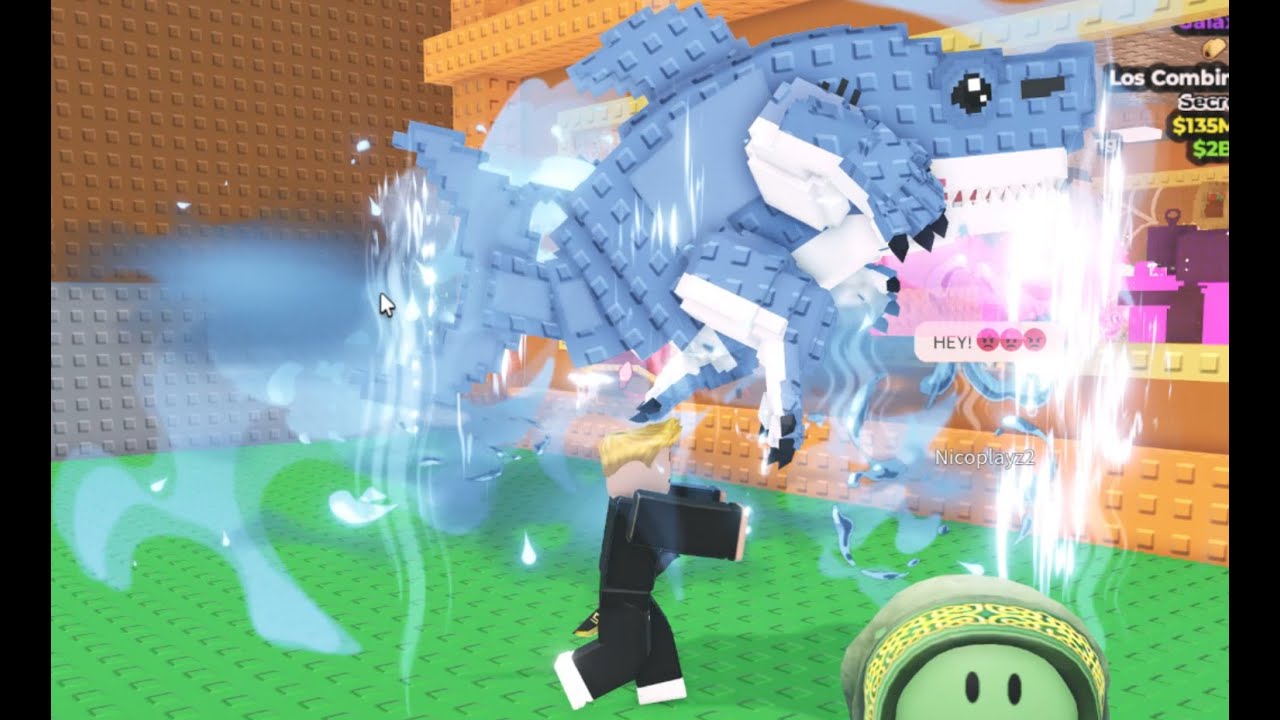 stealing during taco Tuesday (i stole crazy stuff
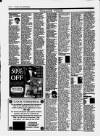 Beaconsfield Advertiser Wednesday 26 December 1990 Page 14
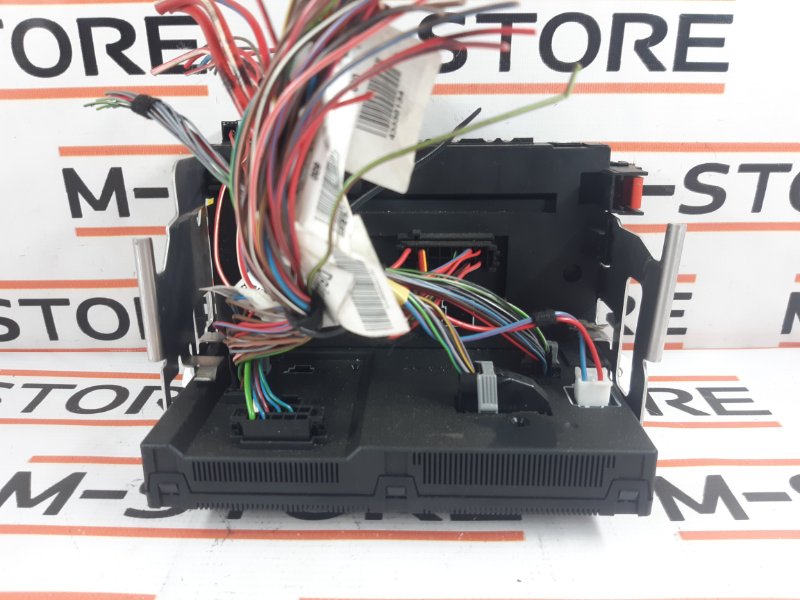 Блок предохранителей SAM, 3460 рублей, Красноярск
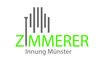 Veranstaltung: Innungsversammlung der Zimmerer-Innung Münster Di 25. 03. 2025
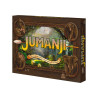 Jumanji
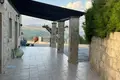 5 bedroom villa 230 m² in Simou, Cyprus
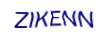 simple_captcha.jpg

# Your assignment
Reproduce the lines from the line with "5 bedroom villa 230 m² in Simou, Cyprus" through the last line of the entries exactly, including both ends and excluding pictures.

# Answer to this exercise
 5 bedroom villa 230 m² in Simou, Cyprus
 simple_captcha.jpg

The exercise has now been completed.